De todos los habitantes de la guarida, Riff fue el más afectado. Sus heridas habían sanado pronto, pero la humillación y el peso que esta acarreaba seguían presentes. Craig lo sentía puesto sobre sus hombros cada vez que el matón lo observaba desde el otro lado de la habitación, con una mano, como siempre, hundida en su bolsillo, pero ahora con una amenaza mucho más real que antes.

Riff consiguió un arma. No era el único; todos los empleados de Ingram recibieron un generoso e imponente armamento, sin duda gracias a las nuevas ventajas de tener a Craig a la disposición de Bruno con tan solo una llamada. Por la actitud generalizada de desdén hacia él, Craig adivinó que sus actividades en la casa de Bruno eran más o menos obvias para todos. Craig se preguntó cuánto de la aversión y las miradas desviadas eran por asco y cuántas por miedo al mandamás.

La mayor proeza de Bruno era la presión que ejercía sobre sus subordinados a pesar de no estar presente. Habían pasado dos meses sin llamada alguna y el horror de la primera vez calado hasta sus huesos era lo único que convencía a Craig de que no había sido una pesadilla. Si se concentraba, podía sentir de nuevo las manos ásperas recorriéndole el pecho, aferrándose ferozmente de su cuello con toda la intención de matarlo hasta que un arrepentimiento fugaz hacía que lo soltase. Esas sensaciones jamás se irían, jamás lo dejarían; había sido real, cada segundo, y Craig lo reconfirmaba varias veces a la semana a través de pesadillas que lo dejaban rogando por una distracción.

Su trato con Ingram era todavía poco claro, pero había sido una mejora considerable. Craig respondía a la animosidad de Riff con un análisis exhaustivo del tipo, de todas sus actitudes, a manera de poder medir sus reacciones para cada petición que se le pudiese ocurrir. Intentó primero probar las aguas al solicitar papel y lápiz para escribir lo que fuese durante sus ratos de lenta paranoia en la oficina que seguía llamando su habitación. Ingram dejó que Riff juzgara los límites, y el matón no vio amenaza alguna en la escritura.

Craig creyó que esa había sido su primera victoria, pero no contó con la supervisión a la que Riff lo sometería. El chico no podía deambular por el edificio sin que Riff lo siguiese y, de cuando en cuando, lo manosease exhaustivamente en busca de una carta secreta o alguna nota de socorro inexistente. Siempre se detenía justo antes de que la molestia de Craig se tornase demasiado violenta, pero el mensaje seguía siendo claro como el agua: Riff no confiaría nunca en él, con o sin trato.
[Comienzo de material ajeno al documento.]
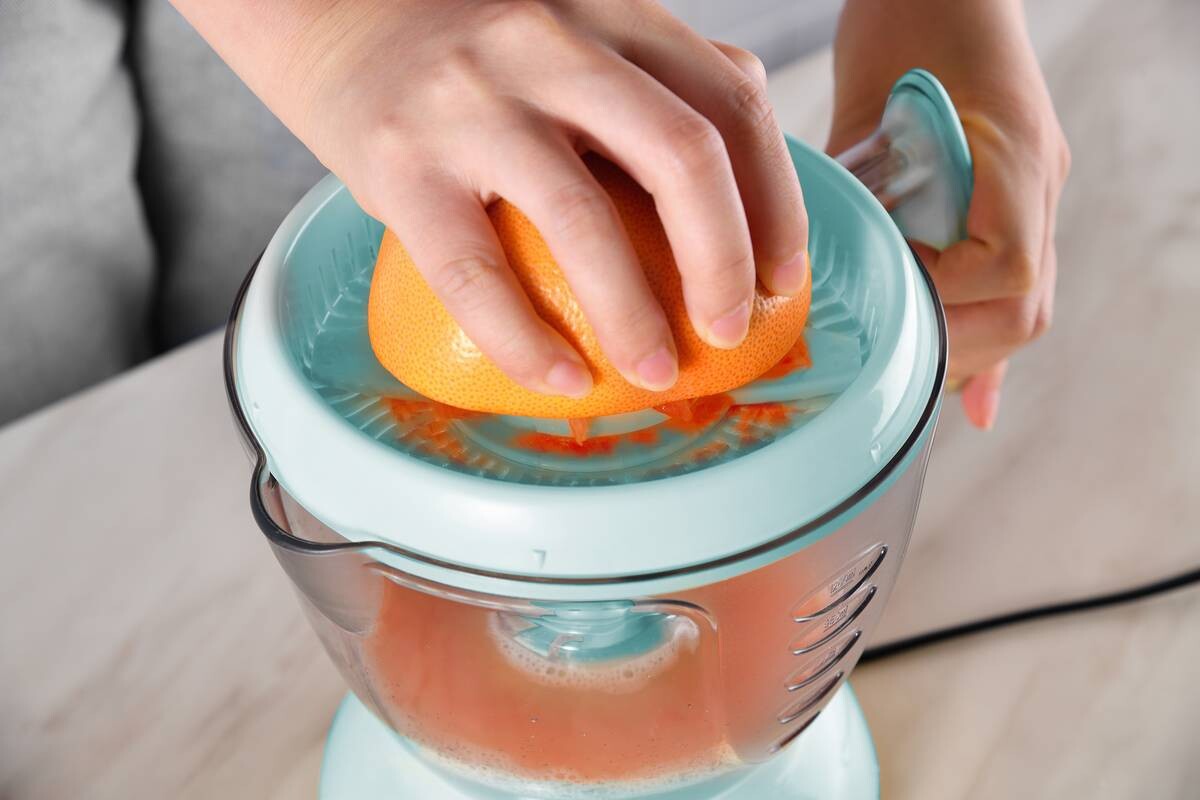 SWISS HOME Zitrusentsafter CLASSIC blau Kunststoff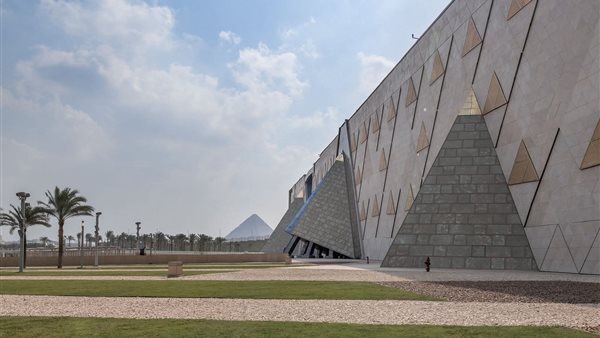 «غضب عارم» المتحف المصري الكبير يثير جدلاً بمنع دخول المصريين وتخصيص التذاكر للأجانب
Para fastidiarlo, Craig no tardó en realizar su segundo pedido: visitas a la biblioteca. Riff tenía sus dudas pero Ingram accedió, y el chico se preguntó cómo se las arreglarían para hacerlo posible. Era todavía un menor de edad y no tenía ni la mitad de las cosas que necesitaría para una membresía. Al final la solución fue lograr que Riff obtuviera una, y el resto de cabos sueltos se atarían con una plática muy fuerte e incisiva con los empleados de la biblioteca pública más cercana.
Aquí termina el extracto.